After its transfer to the Crown of Bavaria on June 26, 1814, Wenigumstadt was part of the Obernburg district court founded on October 1, 1814. On February 20, 1817, the district court of Obernburg came to the Untermainkreis, which was founded on that day, a forerunner of the later administrative district of Lower Franconia. In 1862 the district courts of Obernburg and Klingenberg were merged to form the Obernburg district office , on whose administrative territory Wenigumstadt was located. As everywhere in the German Reich , the term district was introduced in 1939. Wenigumstadt was now one of the 35 municipalities in the district of Obernburg am Main (license plate OBB ). With the dissolution of the district of Obernburg, Wenigumstadt became part of the Aschaffenburg district in 1972 (license plate AB ).

On May 1, 1978, the previously independent municipality Wenigumstadt was in the market Großostheim incorporated .

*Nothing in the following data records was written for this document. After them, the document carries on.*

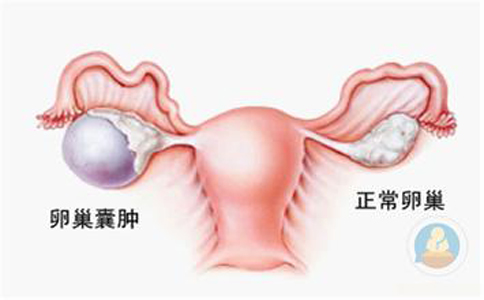 卵巢囊腫，抱腿壓涌泉穴，給你愛心呵護(hù)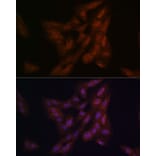 Immunofluorescence - Anti-PARK7/DJ1 Antibody (A307030) - Antibodies.com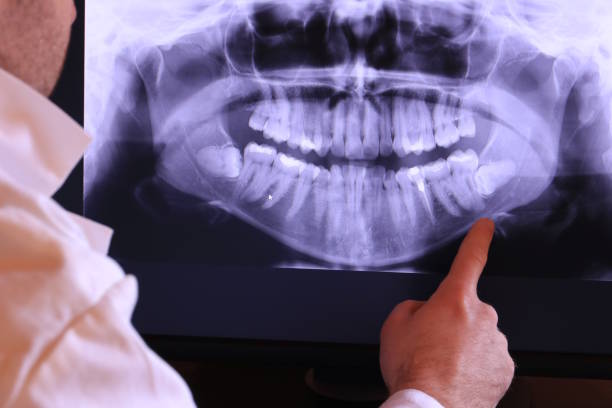 Best Emergency Root Canal Treatment in Gman, IL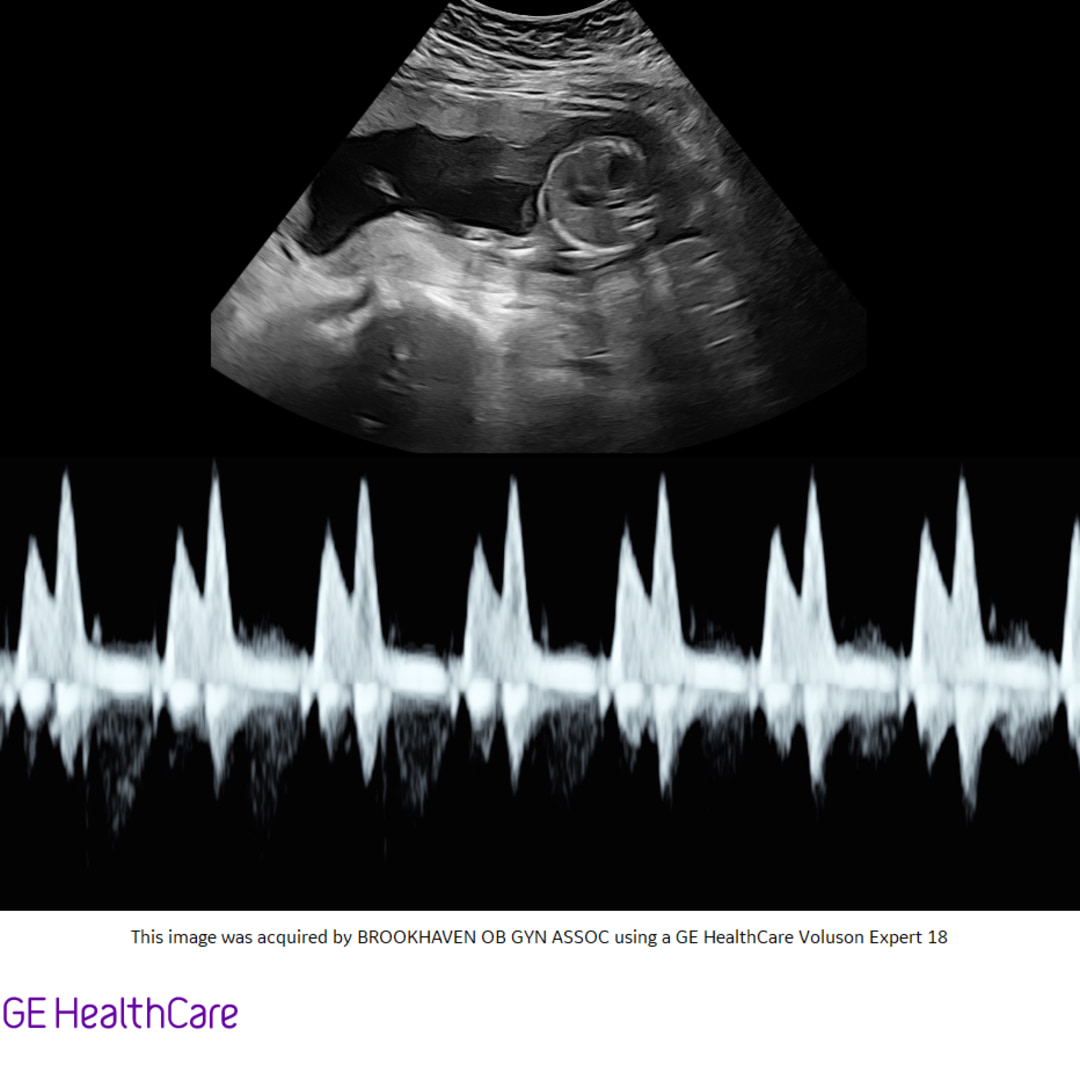 Photo shared by Alyssa for their Babylist baby registry.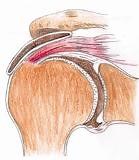 Arthroscopic Acromioplasty, Orthosports Orthopaedic Surgeons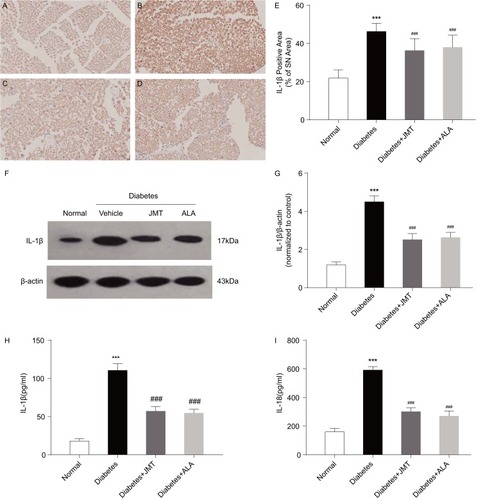 Figure 6 JMT decreased IL-1β and IL-18 expression in serum and SNs of diabetic rats.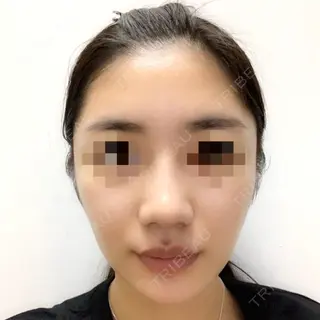 23日目の経過画像（1枚目）
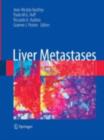 Liver Metastases - eBook
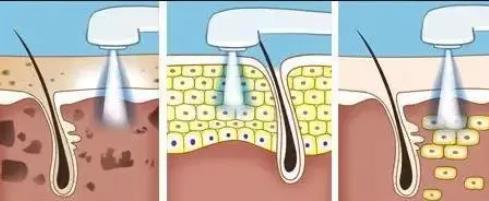 白瓷娃娃的作用是什么，有哪些美白飲食秘方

Merovingians in Wenigumstadt

The archaeologist Dr. In 1970 and 1971 Günter Rau discovered grave fields from the Merovingian period in the neighboring Lower Franconian towns of Pflaumheim and Wenigumstadt.

Walloons in Wenigumstadt

The Thirty Years' War also raged in the Electorate of Mainz . In Wenigumstadt, war and epidemics took ninety percent of the population away, and in its subsidiary village of Radheim even with only six subjects. Elector Johann Philipp von Schönborn then ordered the repopulation of Kurmainz villages, markets and cities. For this purpose, farmers and craftsmen outside the electorate were recruited with the promise of several years of exemption from duty and compulsory labor. Since there were close ties between the St. Peter and Alexander Abbey in Aschaffenburg and the Diocese of Liège , most of the settlers were Walloons from the Sint-Truiden - Borgloon area northwest of Liège . But there were also immigrants from the areas around Fulda and Landshut , from Tyrol and Switzerland . The settlement took place in three phases (1650–1663, 1670/71, 1680). In 1668 the Walloons made up 75% of the population.

Mining of clay

From 1824 on, the stoneware factory founded by the pharmacist and professor Anselm Strauss in the Aschaffenburg Haselmühle was mining clay in a "porcelain pit" northwest of the Pflaumbach on Riederweg near the Pflaumheim boundary.

Web links

literature

  • Günter and Monica Rau: Merovingians in Pflaumheim and Wenigumstadt. Archaeological excavations 1970/71 , edited by Heimat- und Geschichtsverein Wenigumstadt and Geschichtsverein Pflaumheim, LOGO Verlag Eric Erfurth, 128 pages, ISBN 978-3-939462-19-4 . ( Book details )
  • Eva Stauch: Wenigumstadt. A burial place of the migration period and the early Middle Ages in the northern Odenwald foreland , Volume 111 of university research on prehistoric archeology , Habelt Verlag, 2004, 254 pages, ISBN 978-3-7749-3208-1 .

Individual evidence

  1. ^ Residents' registration office in Markt Großostheim
  2. measured at school.
  3. ^ Federal Statistical Office (ed.): Historical municipality directory for the Federal Republic of Germany. Name, border and key number changes in municipalities, counties and administrative districts from May 27, 1970 to December 31, 1982 . W. Kohlhammer, Stuttgart / Mainz 1983, ISBN 3-17-003263-1 , p. 736 .
  4. State Archives Würzburg : Description of Goods in Mainz 73.